Pourtant, en 2021, son arrestation à l’aéroport de Paris Charles de Gaulle réveille de douloureux souvenirs. La police aux frontières l’interpelle brièvement pour un problème de visa. La diva est conduite dans une cellule de rétention, fouillée au corps et mise sous pression, « comme si j’étais une criminelle », raconte-t-elle dans son compte rendu diffusé sur Instagram. « Les violences policières sont réelles pour une personne comme moi », dénonce-t-elle évoquant une « discrimination raciale scandaleuse » » Son coup de gueule conduit le ministre sud-africain des Relations internationales à écrire aux autorités françaises pour obtenir des réponses et demander l’ouverture d’une enquête.

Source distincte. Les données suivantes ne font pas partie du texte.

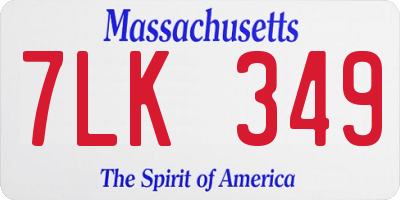 MA license plate 7LK349
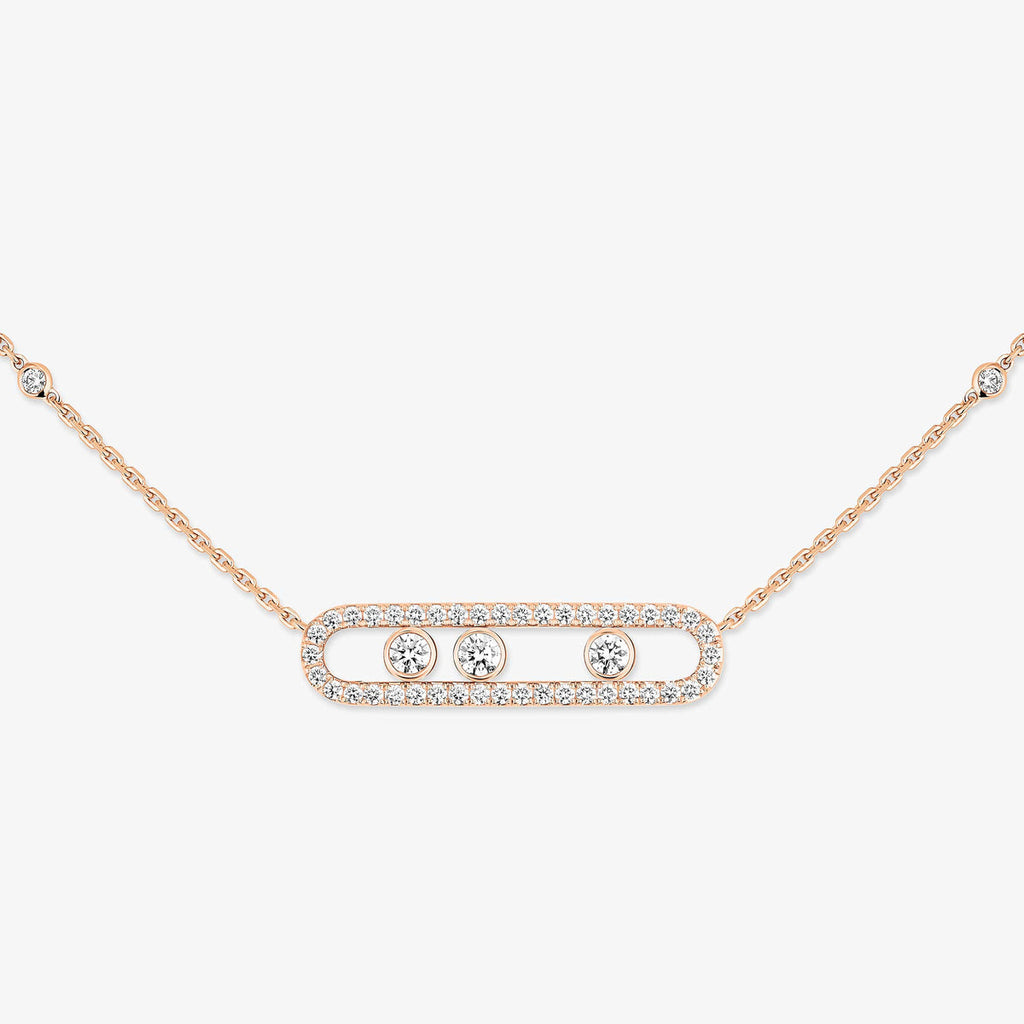 [Loco jewelrys] Move Pave_ Rose Gold Diamond Necklace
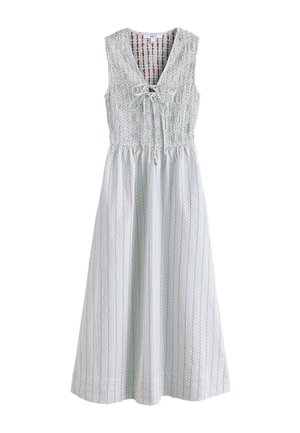 Next, REGULAR FIT - V-NECK SHIRRED BODY - Maxikleid - blue ecru pattern stripe
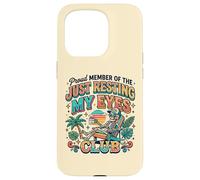 Carcasa para iPhone 15 Pro Just Resting My Eyes Club Coffee Lover Funny Beach Vacaciones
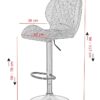 Barhocker Laila 2er Set grau Vintage Samtoptik B/H/T: ca. 42x117x51 cm – Bild 2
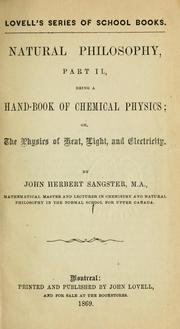 Cover of: Natural philosophy by John Herbert Sangster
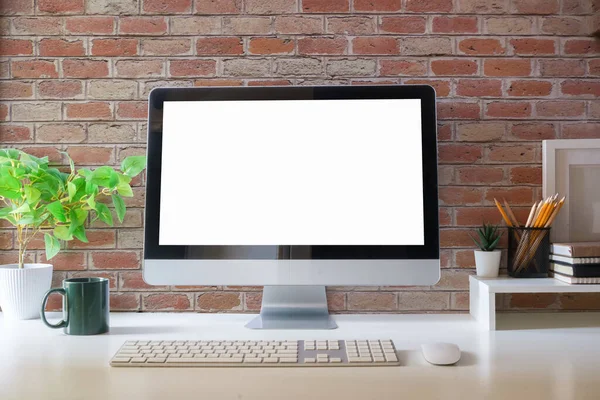 Workspace Desk Computer Copy Space Blank Screen Business Image Blank — Stock Photo, Image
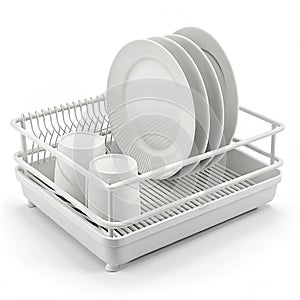Dish drying rack in white plastic on white background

Malgré cet incident, la star internationale n’a pas tourné le dos à la France où elle continue de se produire régulièrement. « Vous êtes ici chez vous », lui a lancé l’ancienne ministre de la Culture Rima Abdul Malak au moment de la distinguer officier des Arts et des Lettres, en 2022. Un honneur supplémentaire pour cette francophile qui parle la langue de Molière. D’ailleurs, il y a un mot qu’elle connaît bien et qui pourrait faire la synthèse de sa carrière, entre l’angoisse de sa détention à l’aéroport, les concerts en mondovision, les récompenses et le sentiment que procurent ses interprétations : « frissons ».